DATA TO EXAMINE:
= Beginning of Section =

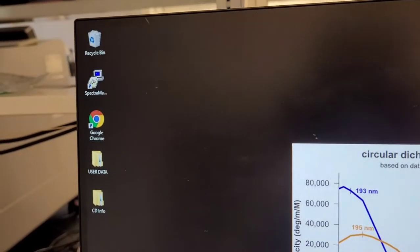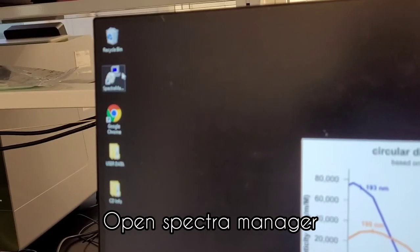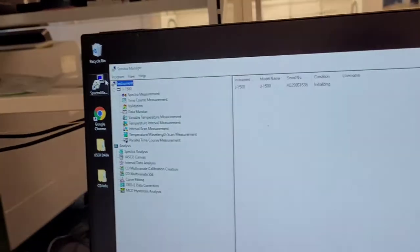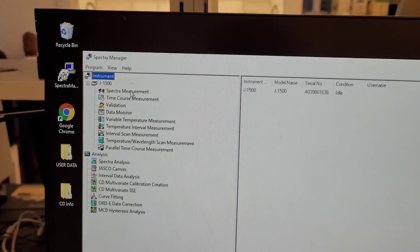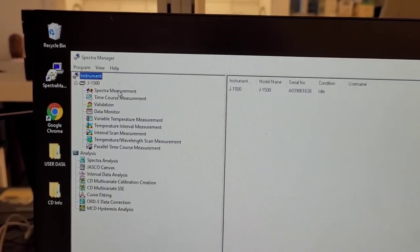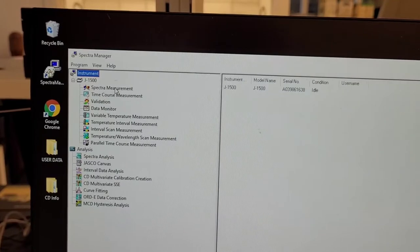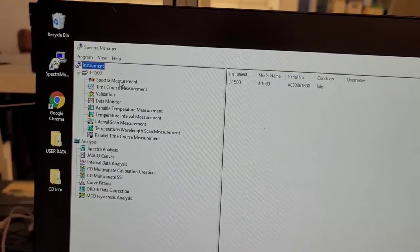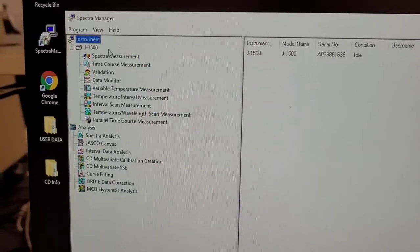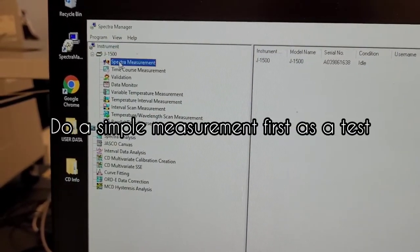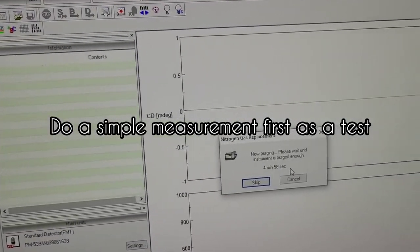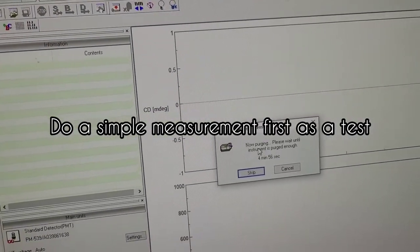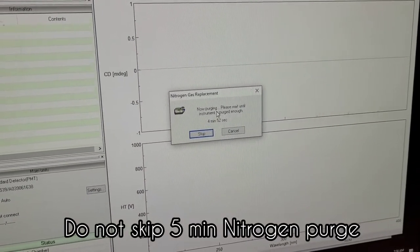Then open the spectra manager. Before we actually do a thermal denaturation, just do a simple measurement to make sure that you are getting signal and everything's okay. For that, I already have a video and you go to spectra measurement and wait five minutes until the whole instrument is purged with nitrogen.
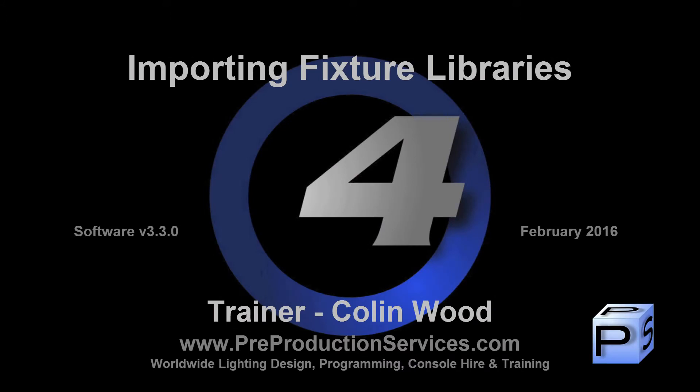Hello and welcome to this HOG4 tutorial which will take a look at how to add individual fixture library files to your console.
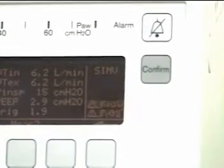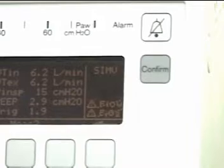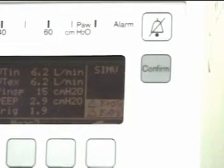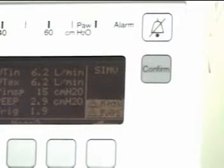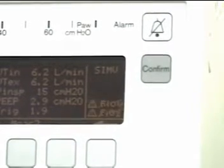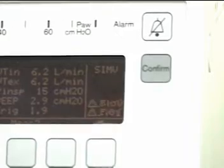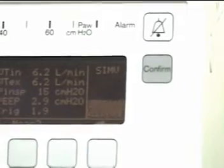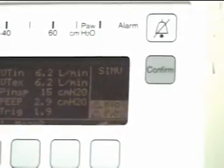You'll notice that the FiO2 is flashing at the moment. That's because we are powering this ventilator with 100% compressed air.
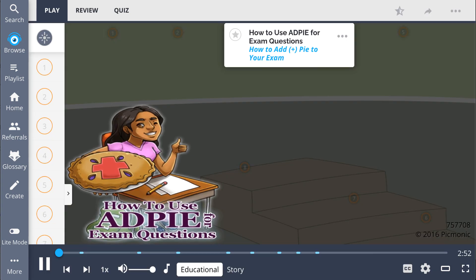In this Picmonic, we cover how to use ADPIE, the nursing process, for exam questions, with the story of the student who sneaks a pie into class.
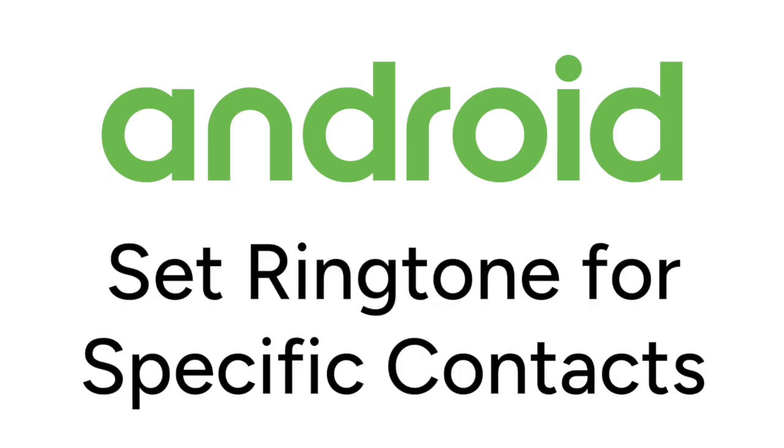Want to set a personalized ringtone for a contact on your Android, but not sure how? I'm Jessica, and in this video, I'll show you how to set a ringtone for a specific contact on Android. Now let's get started.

= End of Section =

ABOUT THIS TASK: Starting at the line that contains "You'll notice that", retype each line through the end of the data exactly, and leave out every picture.

ANSWER TO THIS EXERCISE:
You'll notice that the FiO2 is flashing at the moment. That's because we are powering this ventilator with 100% compressed air.
In this Picmonic, we cover how to use ADPIE, the nursing process, for exam questions, with the story of the student who sneaks a pie into class.
Want to set a personalized ringtone for a contact on your Android, but not sure how? I'm Jessica, and in this video, I'll show you how to set a ringtone for a specific contact on Android. Now let's get started.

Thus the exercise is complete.